Venezuela’s cash crunch
Venezuela is suffering under the weight of a massive cash crunch. This is in large part due to the imbalances in Venezuela’s economy. The country has always relied on oil, as it sits atop some of the world’s largest reserves. However, beginning in the late 90s when Hugo Chavez attained power, the country gradually morphed into a petro-state.
Today, the state oil company accounts for the bulk of Venezuela’s treasury representing more than 90 percent of total export earnings. As a result, PDVSA serves as the country’s chief progenitor of cash. However, unlike Aramco in Saudi Arabia, Venezuela’s PDVSA is run very poorly.
Due to a failure of maintenance and general lack of investment, PDVSA’s oil refineries areoperating at less than full capacity. PDVSA’s most valuable customers are those which pay in cash for crude. Over the past year, major refiners in the US, India and China, havecomplained of receiving shipments of poor quality crude oil.

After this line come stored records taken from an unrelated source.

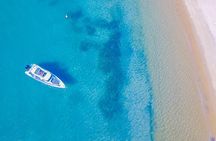 Private 2-Hour Sydney Harbour Morning Cruise inc Beach Stop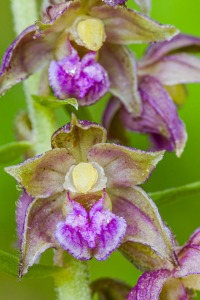 Epipactis helleborine (L.) Crantz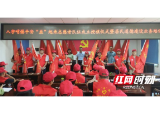 赫山区八字哨镇：队旗接起来 平安“益”起来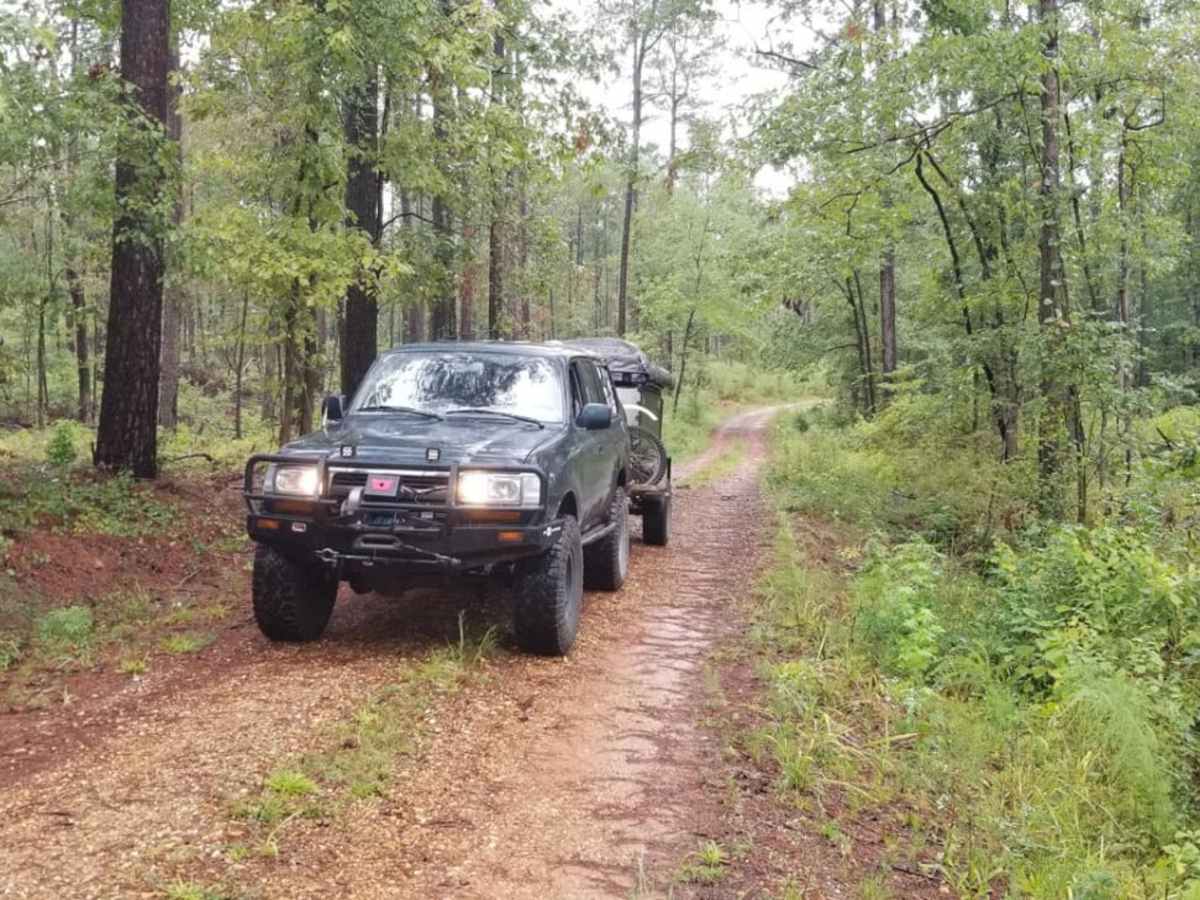 Kisatchie NF Spur Trail trail photo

At the same time, PDVSA has increasingly relied on fuel imports to support its operations. Key chemical byproducts used to refine the thick sour crude found in Venezuela’s reserves are in short supply. This has contributed to shipment delays and missed payments.
Adding further financial strain, Venezuela has been hit with a series of economic sanctions by the US related to its human rights abuses. The sanctions, which target certain high-level government officials and Venezuela’s ability to raise money in the capital markets, have constrained Venezuela’s fund-raising capabilities.
Many financial institutions are now reluctant to conduct business with Venezuela’s oil company, lest they run afoul of sanctions. Unable to obtain letters of credit from banks, tankers full of Venezuelan crude bob helplessly in the Gulf of Mexico as they wait to discharge oil.
Implied probability of default within next 5 years now 100%
As missed payments pile up and Venezuela’s economic lifelines dry up, a default seems increasingly likely. A Venezuelan default would potentially surpass the 2001 Argentina default, in terms of sheer complexity. The tight commercial links with the US make a restructuring very delicate.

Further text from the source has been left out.